First, Credicorp posted some disappointing results. Earnings are down 28.1% in 2013 due to “extraordinary expenses” in their investment bank and insurance areas. So, does this increase or decrease their chances of buying a defunct and large Peruvian bank such as MiBanco? There’s no comment so far.

But in a comic twist, following the rather unexpected sale by Grupo ACP of a 12% holding in BancoSol in Bolivia (they still hold a 6% stake after the sale), the CEO of BancoSol made a most extraordinary statement. I shall use Google Translate in order not to be accused of unfair translation:

“As part of its investment policy worldwide, and on the understanding that [Grupo ACP’s] mission to establish strong microfinance institutions that empower microentrepreneurs in several countries has been met in Bolivia, ACP decided to transfer part of their participation in a group three European banks through the advice of the prestigious Responsibility Investments AG of Switzerland.”

So, according to this interpretation, Grupo ACP decided to sell simply because it had already achieved such stellar performance in Bolivia that it would flog the shares to the Europeans. No mention of the fact that Grupo ACP is in technical default on its senior bond, presumably facing a rather dire cash crunch, and looking to sell whatever it could to avoid a full-blown default on the bond prompting Fitch to cut the rating to junk status. Are we to believe this was a pure coincidence of timing? And with their clear mission to “empower microentrepreneurs”, there was no mention either of the fact that MiBanco, ACP’s main asset, empowered nearly 100.000 fewer this year.

And what exactly is ACPs current “investment policy worldwide”? I suspect if could be “flog anything you can and use the funds to pay interest on that pesky bond that we should never has issued in the first place” – hardly a sophisticated strategy.

My question is simply, what gets flogged next? Banco Forjadores in Mexico? Apoyo Integral in El Salvador? Emprenda in Argentina?

But my questions don’t end there. How much did ACP get for the sale? I imagine the “prestigious” responsAbility made a tidy buck on that one. Someone in Switzerland will get a nice bonus this year. Such prices are rarely disclosed, and given the political and regulatory risk in Bolivia right now it is hardly a risk-free investment.

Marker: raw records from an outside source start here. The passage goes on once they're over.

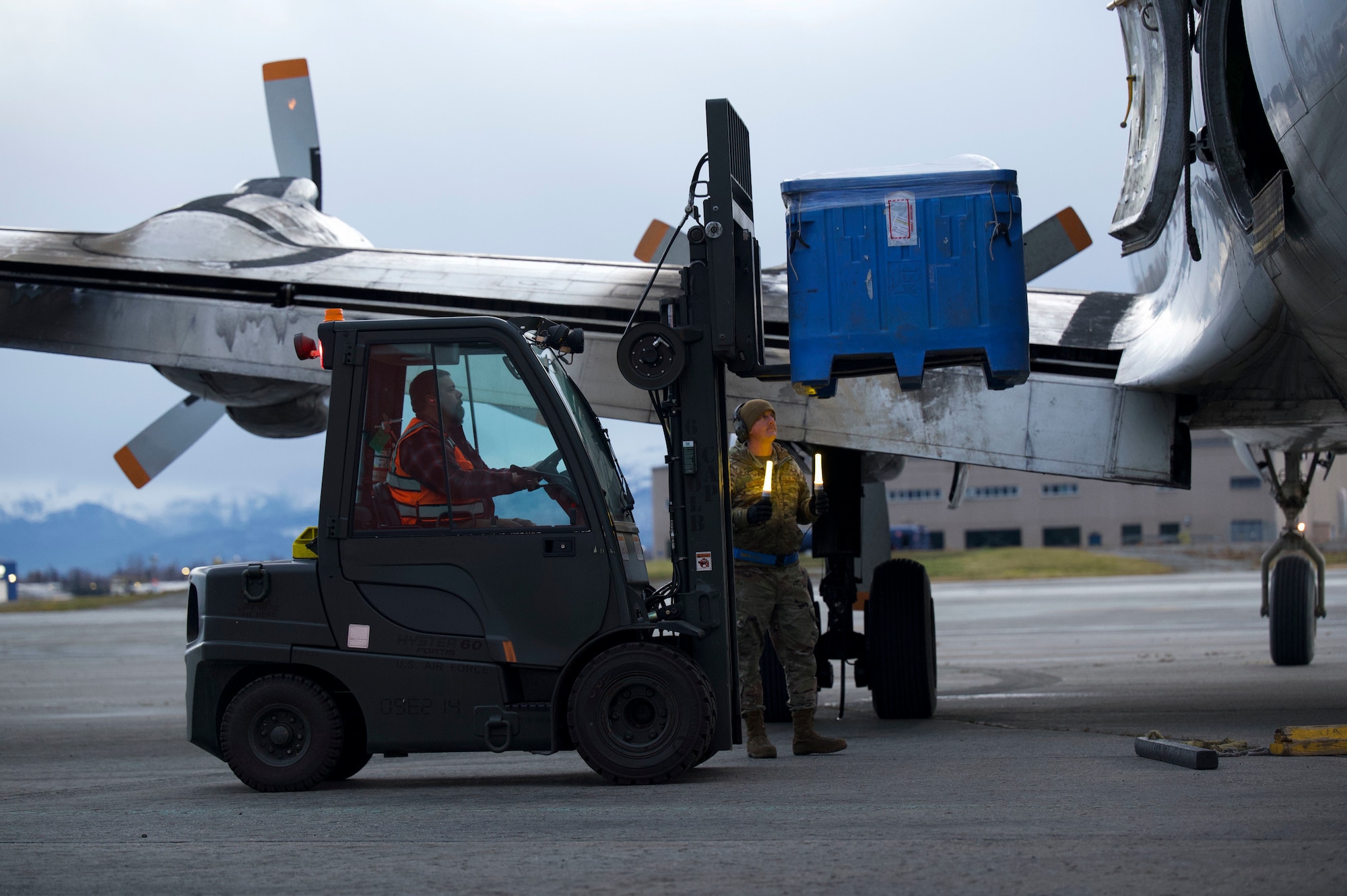 Air Force Staff Sgt. Timothy Barnwell and Timothy Murray load rations onto a Douglas DC-6 to deliver to a Long Range Radar Site during Nodal Lightning exercise at Ted Steven International Airport in Anchorage, Alaska, Oct. 19, 2021. he Nodal Lightning exercise allowed the 732nd AMS personnel to respond efficiently and effectively to contested or degraded contingency environments. Barnwell and Murray are assigned to the 732nd Air Mobility Squadron as freight supervisor and motor vehicle operator, respectively.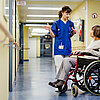 Ärztin erklärt im Krankenhausflur etwas einer älteren Patientin, die im Rollstuhl sitzt
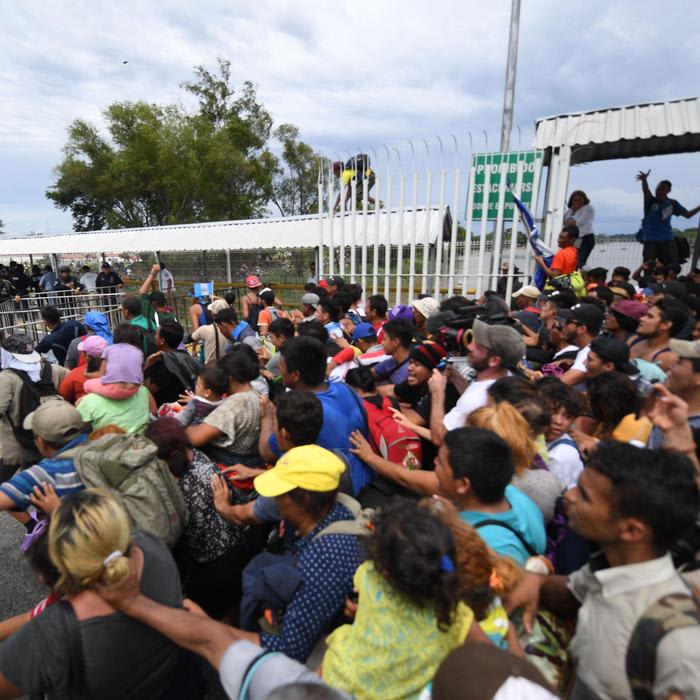 Migrant Caravan Breaks Through Guatemala's Border Fence and Rushes Into Mexico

The million dollar question, obviously, is whether Credicorp (or anyone, for that matter) has agreed to buy MiBanco. If they decline the price will plummet. It’s one thing to offer a widget for sale at $10, it’s another thing to wonder around seeing if anyone will buy your widget in a hurry despite others having announced in the national press that they aren’t interested. The longer they wait the lower the price, and the greater the stress to ACP and speculation in the market. Maybe they could post it on eBay?

“Peruvian bank for immediate sale, any offer accepted, cash only, vendor assumes no responsibility for the quality of the portfolio or for the cost of a major restructuring involving substantial redundancy payments, buyer will have to share ownership with some pretty irate Dutch investors, the vilified microfinance fund Accion, and the IFC. See other items for sale by this vendor”.